It is therefore calling for the urgent convening of a special, single-issue sitting of the National Assembly to debate an official statement from the Minister of Home Affairs on violent crime.

This sitting, the group said, should place special reference to the killing of Joshua Bell and to the safety of Guyana’s children in general.

This was the call during a press briefing yesterday which marked the end of the 312-hr round-the-clock vigil on Vlissengen Road outside the Office of the President.

This vigil had commenced on April 17.

A statement from the women’s group said that the impetus for the vigil was the kidnapping and murder of 16 year-old Joshua Bell.

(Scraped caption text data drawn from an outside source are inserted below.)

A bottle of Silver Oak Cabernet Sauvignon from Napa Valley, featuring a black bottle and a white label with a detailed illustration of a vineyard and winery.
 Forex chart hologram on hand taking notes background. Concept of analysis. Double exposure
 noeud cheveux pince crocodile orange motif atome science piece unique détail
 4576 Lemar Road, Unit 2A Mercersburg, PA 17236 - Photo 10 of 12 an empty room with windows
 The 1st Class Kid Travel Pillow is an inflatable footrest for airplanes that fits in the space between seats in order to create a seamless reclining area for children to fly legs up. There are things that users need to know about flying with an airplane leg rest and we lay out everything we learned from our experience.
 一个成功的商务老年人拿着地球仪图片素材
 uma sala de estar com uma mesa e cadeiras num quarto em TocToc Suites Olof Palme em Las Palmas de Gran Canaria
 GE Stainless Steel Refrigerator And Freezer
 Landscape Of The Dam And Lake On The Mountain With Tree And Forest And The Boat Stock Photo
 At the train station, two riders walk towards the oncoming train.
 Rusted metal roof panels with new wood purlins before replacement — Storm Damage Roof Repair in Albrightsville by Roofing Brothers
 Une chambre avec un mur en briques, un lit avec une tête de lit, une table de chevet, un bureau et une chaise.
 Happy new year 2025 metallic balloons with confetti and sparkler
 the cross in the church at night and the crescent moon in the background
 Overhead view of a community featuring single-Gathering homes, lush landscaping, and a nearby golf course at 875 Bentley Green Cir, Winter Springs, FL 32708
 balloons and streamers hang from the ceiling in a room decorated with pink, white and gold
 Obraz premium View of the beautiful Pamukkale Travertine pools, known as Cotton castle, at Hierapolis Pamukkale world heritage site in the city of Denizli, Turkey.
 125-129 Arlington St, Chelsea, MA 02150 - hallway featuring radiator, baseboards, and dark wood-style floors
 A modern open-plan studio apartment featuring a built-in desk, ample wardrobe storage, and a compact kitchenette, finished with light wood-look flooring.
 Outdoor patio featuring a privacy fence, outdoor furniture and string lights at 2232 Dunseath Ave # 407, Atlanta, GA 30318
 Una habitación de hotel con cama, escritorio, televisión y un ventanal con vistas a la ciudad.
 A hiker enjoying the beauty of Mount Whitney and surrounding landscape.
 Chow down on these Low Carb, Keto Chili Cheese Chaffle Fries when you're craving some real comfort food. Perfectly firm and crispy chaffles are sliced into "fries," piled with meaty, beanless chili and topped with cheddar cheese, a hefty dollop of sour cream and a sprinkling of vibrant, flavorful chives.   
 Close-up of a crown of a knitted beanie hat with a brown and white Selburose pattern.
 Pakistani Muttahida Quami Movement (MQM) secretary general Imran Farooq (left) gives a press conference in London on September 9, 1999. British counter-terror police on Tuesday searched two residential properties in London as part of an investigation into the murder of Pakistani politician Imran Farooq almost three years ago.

The group was outraged at the contrast between the inaction of the authorities with the Bell incident and the flurry of activity which followed the kidnapping of the United States diplomat, Stephen Lesniak.

Participants in the vigil included school colleagues of Bell, teachers, lawyers, members of the judiciary, businesspersons and Members of Parliament. Groups which joined in were: Women Against Violence Everywhere (WAVE), G+ (Guyanese Living with HIV/AIDS), the Joint Initiative for Humanity and Development (JIHAD), Ethnarch for the Kingdom of Manumitted Africans of Guyana, the Guyana Youth and Students Movement (GYSM) and the University of Guyana Student Society (UGSS).

A partial list of young people killed or wounded has been put together by Red Thread and is to be extended continuously.

Internationally, the vigil had the full backing of the Red Thread supporters’ network in Toronto, Canada, and the Global Women’s Strike, which is a network of women in over 70 countries.

In calling an end to the vigil, Red Thread and the other members of the community said they are far from calling an end to the campaign against violence and racism in Guyana.